O trio também comenta que o matador estava no Congo, outra referência de assassinato, dessa vez à Patrice Lumumba, fundador do Movimento Nacional Congolês (MNC), a principal liderança na luta contra a dominação colonial belga no Congo, tendo participação decisiva na libertação do seu país.

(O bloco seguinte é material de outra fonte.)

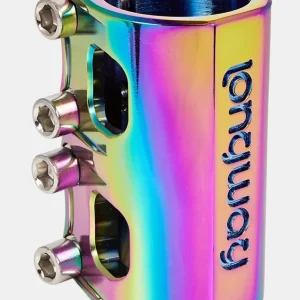 Abrazadera Scooter LONGWAY QUATTRO SCS -Neochrome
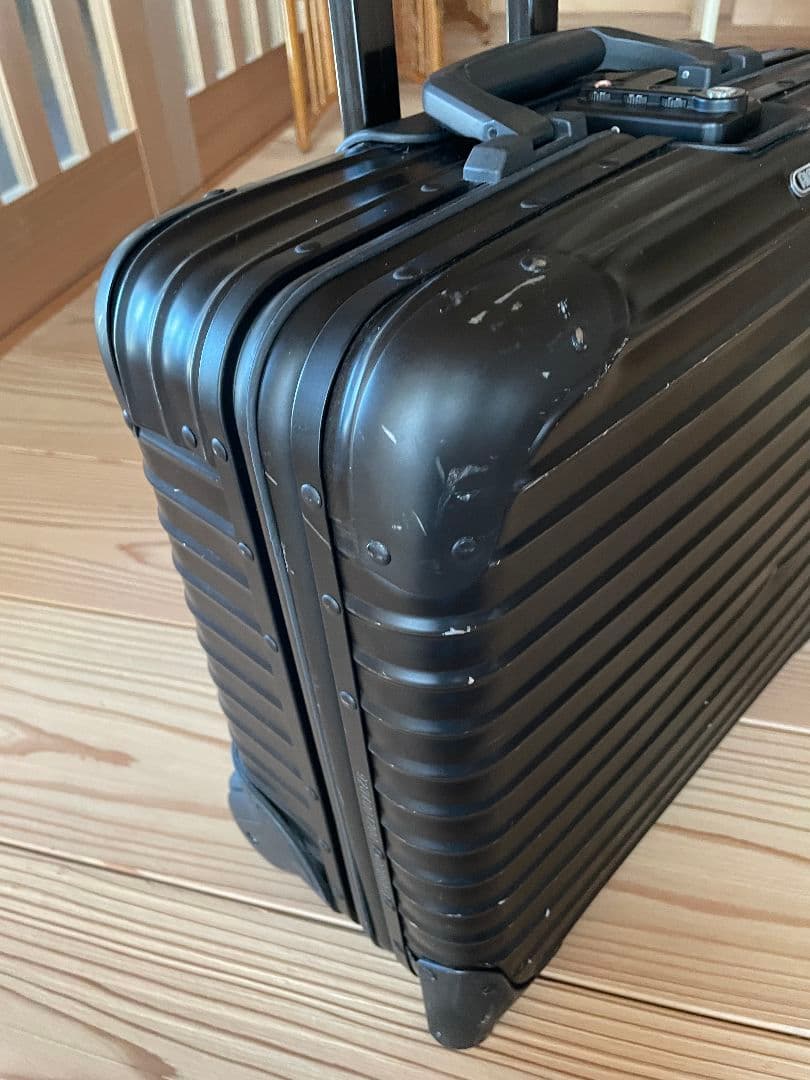 リモワ トパーズ ステルス 2輪 RIMOWA TOPAS マットブラック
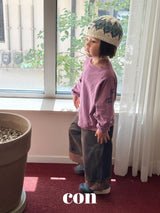 ［con］Tonton pigment roll up pants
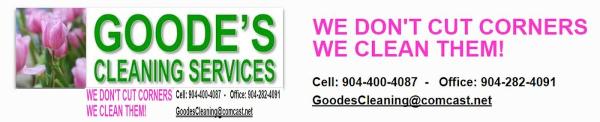 Goode's Cleaning Services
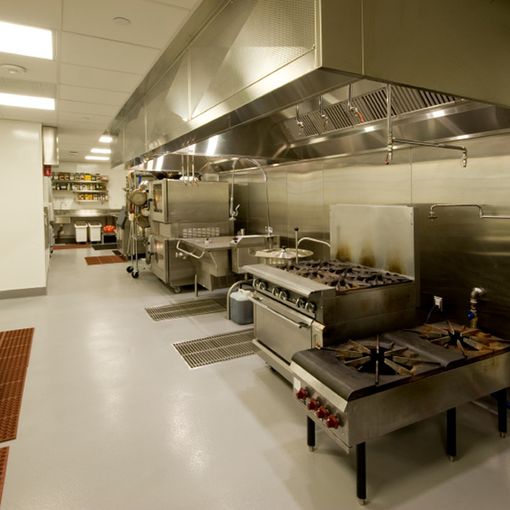 Food Safe Coating grey Kitchen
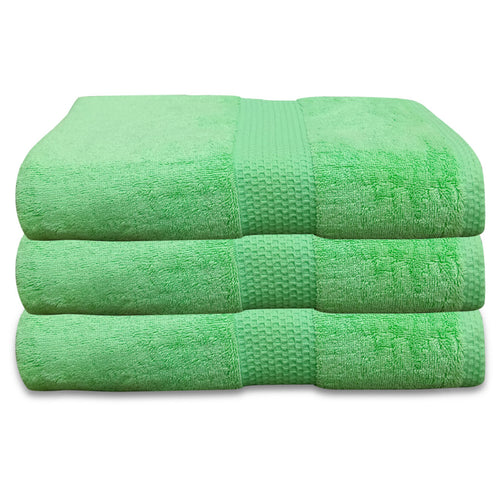 Shizen Export Quality 50:50 Bamboo Cotton Turkish Hand Towels (Pack of 3) - Regency India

Foi eleito primeiro-ministro em 1960, mas ocupou o cargo apenas por 12 semanas, pois um golpe de estado apoiado pelos EUA e Bélgica destroçou o Congo. Ao tentar fugir do país, Lumumba foi capturado e morto em janeiro de 1961.
Importante citar que esses dois assassinatos tem forte carga política, já que Trujillo era um carniceiro de direita e Lumumba um idealista contra o colonialismo, dois aspectos que vão de encontro direto ao que a OAS é e o que deseja manter.
Havia outras duas opções de assassinos, mas o escolhido é o inglês. Quando ele surge, interpretado pelo ator Edward Fox, o homem não tem receios em dizer que os sucessivos fracassos da OAS exigem que eles contratem alguém de fora, já que a organização está tão cheia de delatores que nada fica em segredo por muito tempo.
E que as mal-sucedidas tentativas de assassinato contra De Gaulle estragaram o “jogo” para todos os outros de fora.
O matador aceita o serviço, mas pede a inacreditável (para a época) quantia de meio milhão de dólares pelo assassinato.
A contragosto, Rodin, Casson e Montclair aceitam. O plano será do matador, que pede metade adiantado — “e como vamos conseguir o dinheiro?” – “use seu pessoal para assaltarem uns bancos” — e define um codinome para ser tratado: Chacal.
E eles nunca mais se veem. De Gaulle tem a melhor segurança do mundo, mas o Chacal irá provar que é o mais sagaz dos matadores, ao elaborar um plano magistral para conseguir furar o esquema de proteção e matar o presidente francês.
Os seguidos assaltos à banco promovidos pelo OAS para juntar a grana para pagar o Chacal chamam a atenção da polícia, e não demora para que eles sintam que algo está prestes a acontecer.
Quando a quantia de dinheiro bate os 960 mil francos, a polícia começa a investigar mais a fundo.
As autoridades conseguem determinar a localização dos cabeças da OAS, e capturam Wolenski (Jean Martin), um dos guardas pessoais dos 3 líderes. Torturado barbaramente, ele entrega um nome: Chacal.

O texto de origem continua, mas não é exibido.